The framework behind modular blockchains lies in the principle of modular design. A design is modular if it divides a system into smaller parts that can be exchanged or replaced.
The idea of a modular blockchain is that it can specialize in a couple of functions instead of trying to do everything. A more scalable and customizable system can be created by combining multiple specialized blockchains.
The functions that modular blockchains can specialize in are:
- Execution: Process transactions.
- Settlement: Dispute resolution and bridge (optional).
- Consensus: Order transactions.
- Data availability: Ensure data is available.

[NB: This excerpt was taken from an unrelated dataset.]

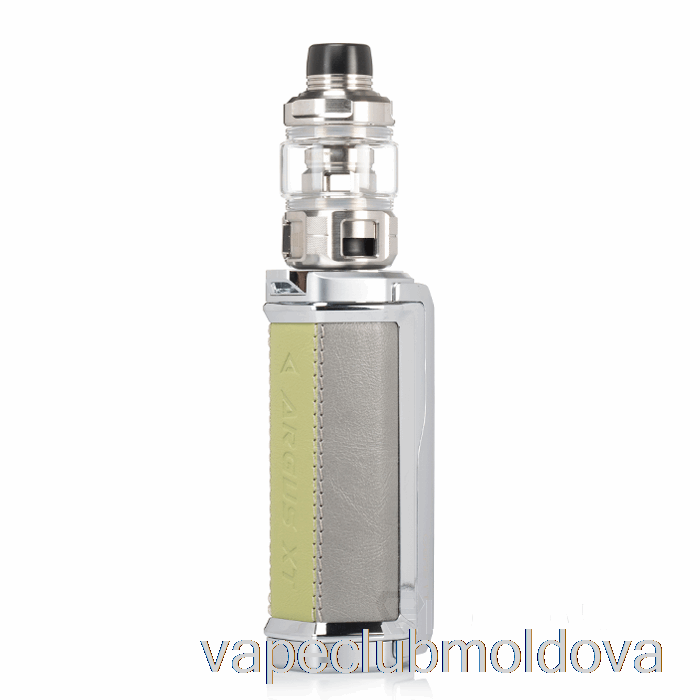 Vape Pod Kit Voopoo Argus Xt 100w Starter Kit Maat - Gri Argintiu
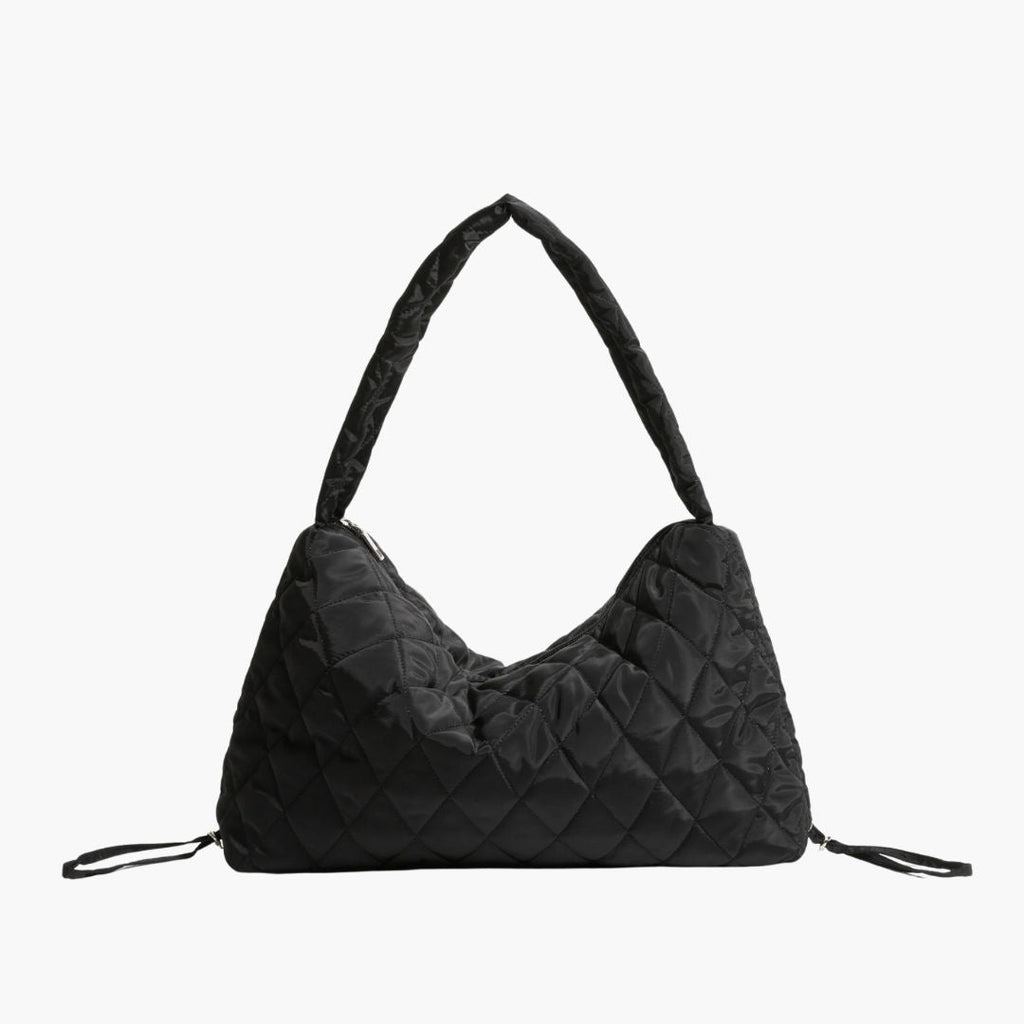 WW | Gepolsterte Schultertasche für Damen - Stylisch und Bequeme Umhängetasche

For example, rollups are a type of modular blockchain that specialize in execution. This allows them to offload work to other specialized modular blockchains. Celestia is an example of a modular blockchain that provides the other functions that rollups depend on, like consensus and data availability.
Celestia is different from previous blockchain designs, which had execution as core functionality. Recognizing that modularity allows blockchains to be created for specific purposes, there is no need for execution because that can be the job of a separate chain. Doing so enables a more efficient and scalable blockchain.
Monolithic blockchains were the first design approach to building blockchains. The idea being that a blockchain can do everything. That includes things like processing transactions, checking whether they’re correct, and getting nodes to agree on them. As opposed to modular blockchains that spread out functions over multiple specialized chains, monolithic blockchains do everything on a single blockchain.
This monolithic approach causes some inherent problems with scaling while retaining the core principle of decentralization:
- High hardware requirements: Monolithic chains can increase the number of transactions they process, but it comes at a cost. That cost is higher hardware requirements for nodes to verify the chain.
- Bootstrapping validators: Deploying a new monolithic blockchain requires the overhead of bootstrapping a secure validator set and maintaining a consensus network.
- Limited control: Apps must follow the predetermined rules of the chain they deploy to. This includes the programming model, ability to fork, and community culture, among others.